Short descriptive text snippets:
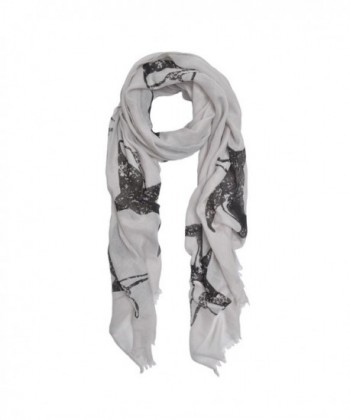 Unique Sharks Animal Print Frayed End Scarf Wrap - Diff Colors Avail - Grey - C312NVTNPL6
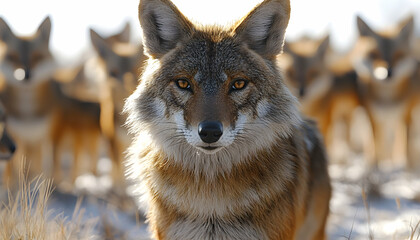 Fototapeta premium Coyotes pack leader stares intently at camera, other coyotes blurred in background.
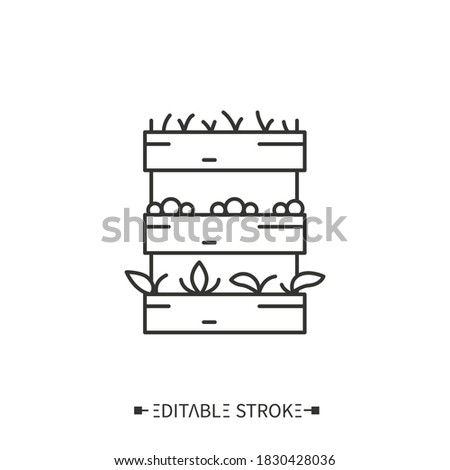 Vertical garden line icon. Green wall, living wall. Modern vertical landscaping. Urban gardening, greening or agriculture. Eco city concept. Earth day. Isolated vector illustration. Editable stroke 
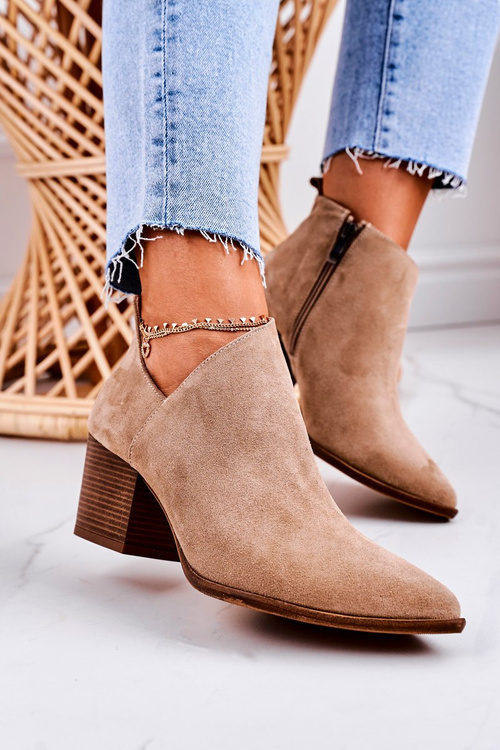Women's Boots With A Cut On Block Heel Suede Beige Lawrence
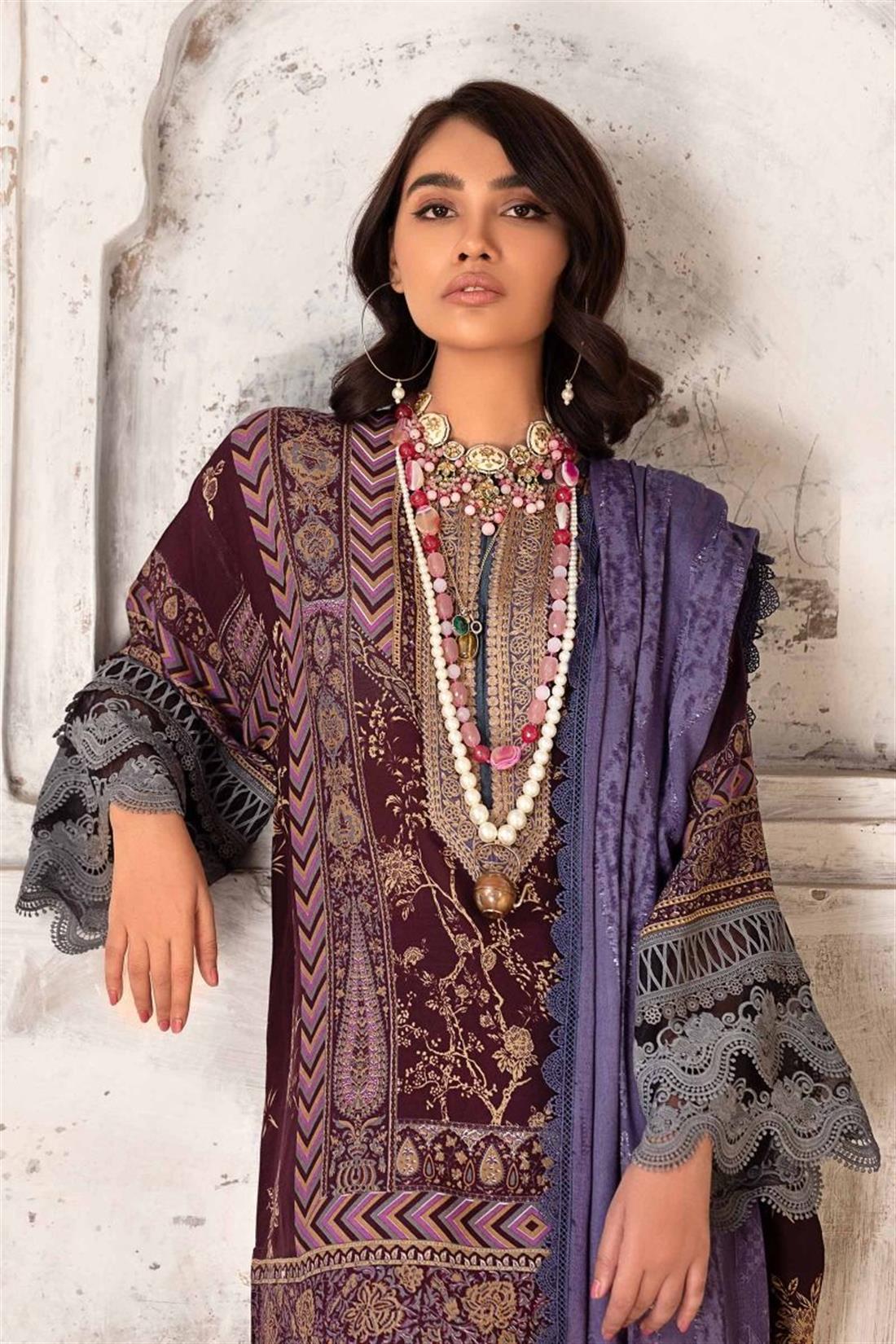 Plum & Purple Embroidered Organza Unstitched Suits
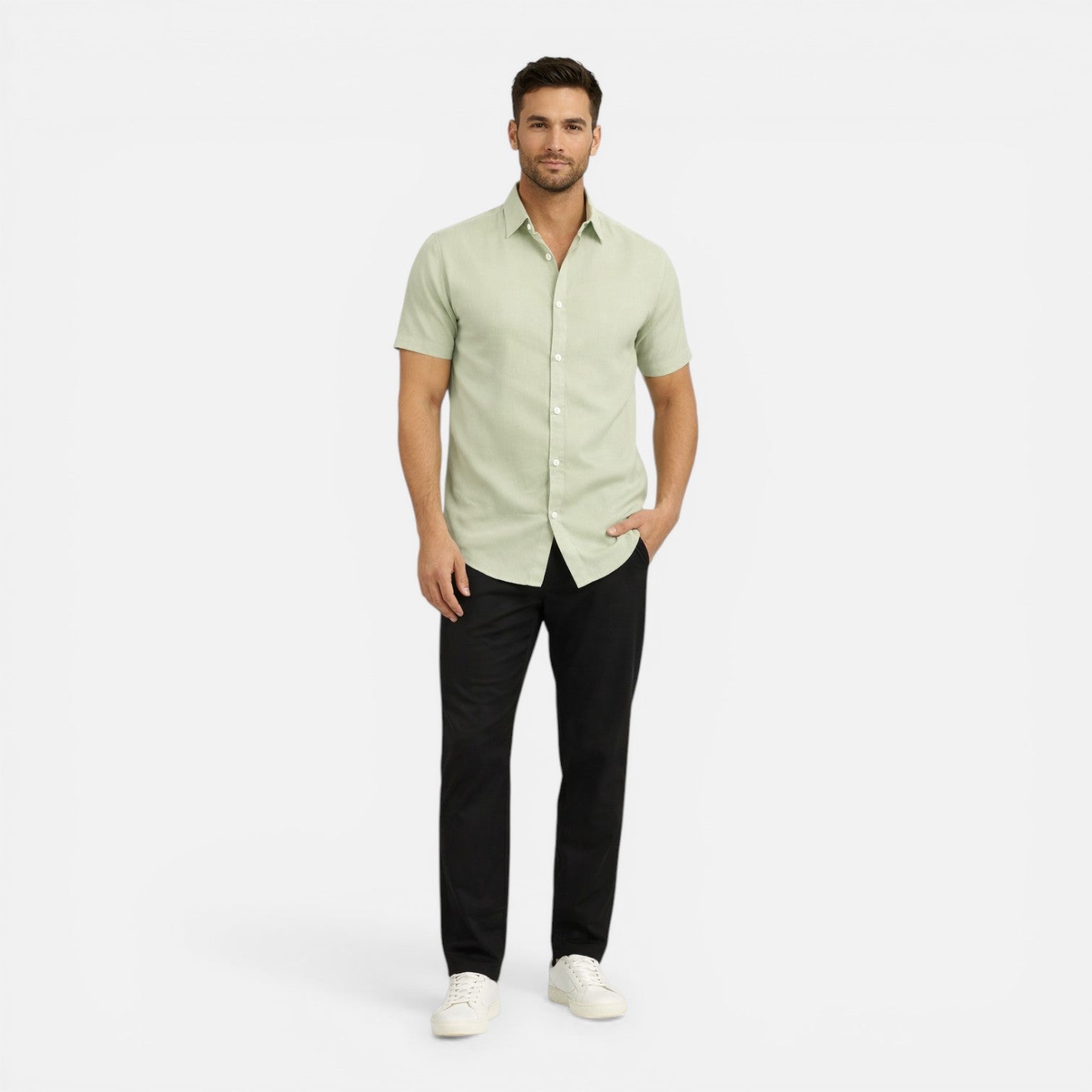 Men's Lightweight Breathable Short Sleeve Slim Fit Summer Shirt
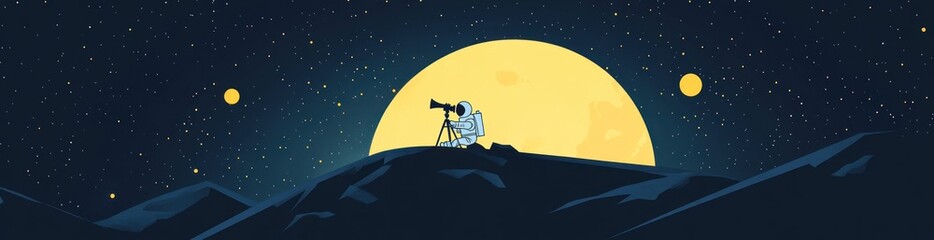Wall Mural - astronomer on mountain peak using telescope to observe a large moon and stars at night.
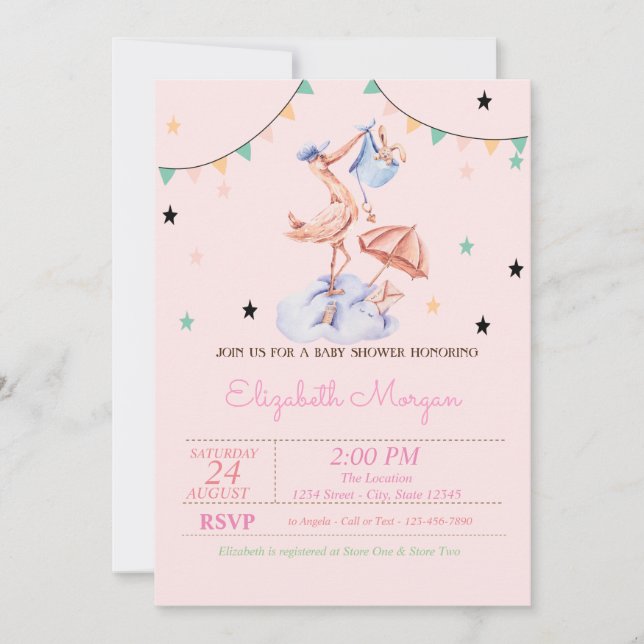 Invitation Fête de naissance de petite lapin mignonne cigogne (Devant)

**Requirement**: Retype each line above exactly and leave out any picture.

**Reply to the exercise**:
 Unique Sharks Animal Print Frayed End Scarf Wrap - Diff Colors Avail - Grey - C312NVTNPL6
 Fototapeta premium Coyotes pack leader stares intently at camera, other coyotes blurred in background.
 Vertical garden line icon. Green wall, living wall. Modern vertical landscaping. Urban gardening, greening or agriculture. Eco city concept. Earth day. Isolated vector illustration. Editable stroke 
Women's Boots With A Cut On Block Heel Suede Beige Lawrence
 Plum & Purple Embroidered Organza Unstitched Suits
 Men's Lightweight Breathable Short Sleeve Slim Fit Summer Shirt
Wall Mural - astronomer on mountain peak using telescope to observe a large moon and stars at night.
 Invitation Fête de naissance de petite lapin mignonne cigogne (Devant)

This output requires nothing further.